I must conclude from Stauffer's convictions that the elements required to sustain those convictions have been legally established. Accordingly, Stauffer's aggravated assault conviction shows that he attempted "by physical menace" to put the police officers "in fear of imminent serious bodily injury." 18 Pa. C.S. § 2702(a)(6). Stauffer's reckless endangerment convictions establish that he recklessly engaged in conduct that placed or may have placed another "in danger of death or serious bodily injury." Id. § 2705. Stauffer's simple assault convictions show that he: (1) attempted to cause or intentionally, knowingly, or recklessly caused bodily injury to another; (2) negligently caused bodily injury to another "with a deadly weapon;" and (3) attempted by physical menace to put another in fear of imminent serious bodily injury. Id. § 2701(a)(1-3).

I may take judicial notice of the statutory elements required for each of Stauffer's criminal convictions. See Gallup v. Caldwell, 120 F.2d 90, 93 (3d Cir. 1941).

I also conclude that the elements required to establish attempt to commit homicide have not been established. Thus, Stauffer did not take a substantial step toward killing one or more of the officers with the specific intent of committing homicide. 18 Pa. C.S. § 901(a).

In Heck v. Humphrey, 512 U.S. 477, the Supreme Court recognized that a plaintiff may be barred from bringing a § 1983 claim based on his state court criminal convictions. The Court explained, "when a state prisoner seeks damages in a § 1983 suit, the district court must consider whether a judgment in favor of the plaintiff would necessarily imply the invalidity of his conviction or sentence." Id. at 487. Such a result could occur where the plaintiff can prevail in his § 1983 action only by negating an element of the criminal offense for which he has been convicted. See id. at 487 n.6. In these situations, the § 1983 "complaint must be dismissed unless the plaintiff can demonstrate that the conviction or sentence has already been invalidated." Id. at 487. Alternatively, if a favorable § 1983 judgment will not conflict with the plaintiff's convictions, the plaintiff may proceed with his action. Id.
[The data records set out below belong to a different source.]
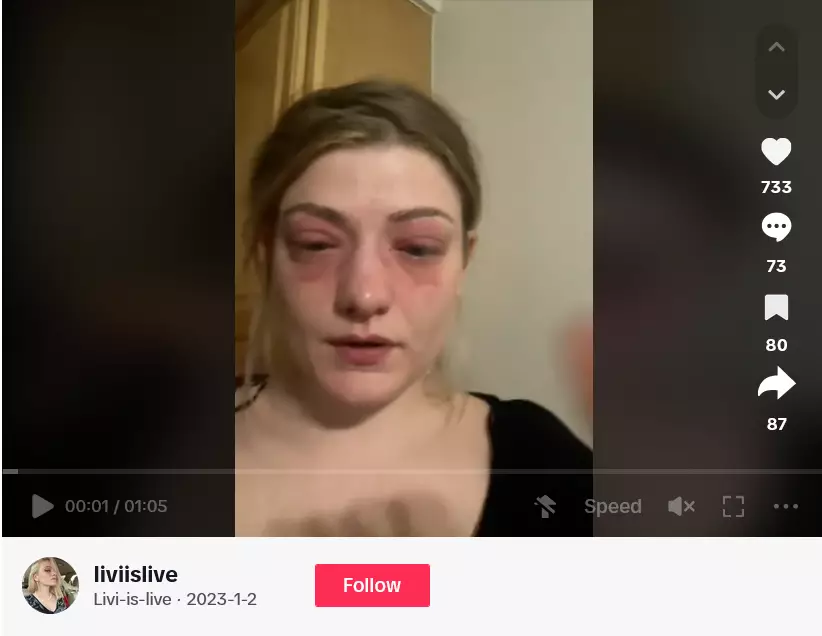 wanita ini diduga alergi palet eyeshadow © 2024 TikTok
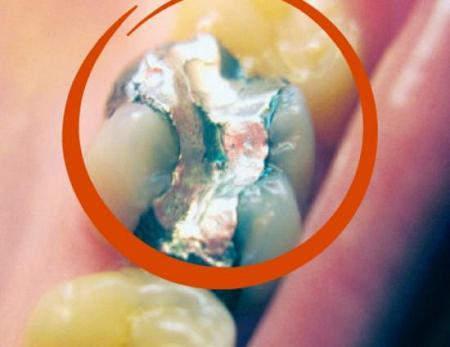 أكتشاف طبي خطير حشوة أسنان دائمة تمنع التسوس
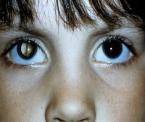 white pupillary reflex in children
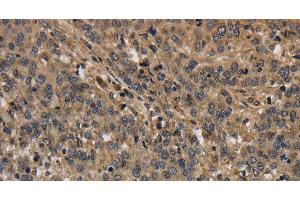 Immunohistochemistry of paraffin-embedded Human liver cancer using KCNN4 Polyclonal Antibody at dilution of 1:40 (KCNN4 抗体)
To prevail on his excessive force claim, Stauffer must show that the police officers' use of force against him was objectively unreasonable in light of all of the facts and circumstances confronting them, such as the severity of the crime, whether Stauffer posed an immediate threat to the safety of the officers or others, and whether Stauffer was actively resisting or attempting to evade arrest. See Graham v. Connor, 490 U.S. 386, 396 (1989). The inquiry also must consider "the fact that police officers are often forced to make split-second judgments-in circumstances that are tense, uncertain, and rapidly evolving-about the amount of force that is necessary in a particular situation." Id. at 397.

A series of Supreme Court cases show that this objective reasonableness test also applies in cases involving deadly force, like this one, although one of the most important factors is whether the suspect placed others at risk of immediate death or serious physical injury. See Tennessee v. Garner, 471 U.S. 1, 4, 11 (1985); Scott v. Harris, 550 U.S. 372, 385 (2007); Plumhoff v. Rickard, 134 S. Ct. 2012, 2021 (2014). In Garner, a police officer shot and killed a fleeing suspect, who was unarmed and did not pose a threat of immediate injury to the officers or others. 471 U.S. at 11. The Court found that such deadly force was not reasonable. Id. at 3 ("such force may not be used unless it is necessary to prevent the escape and the officer has probable cause to believe that the suspect poses a significant threat of death or serious physical injury to the officer or others").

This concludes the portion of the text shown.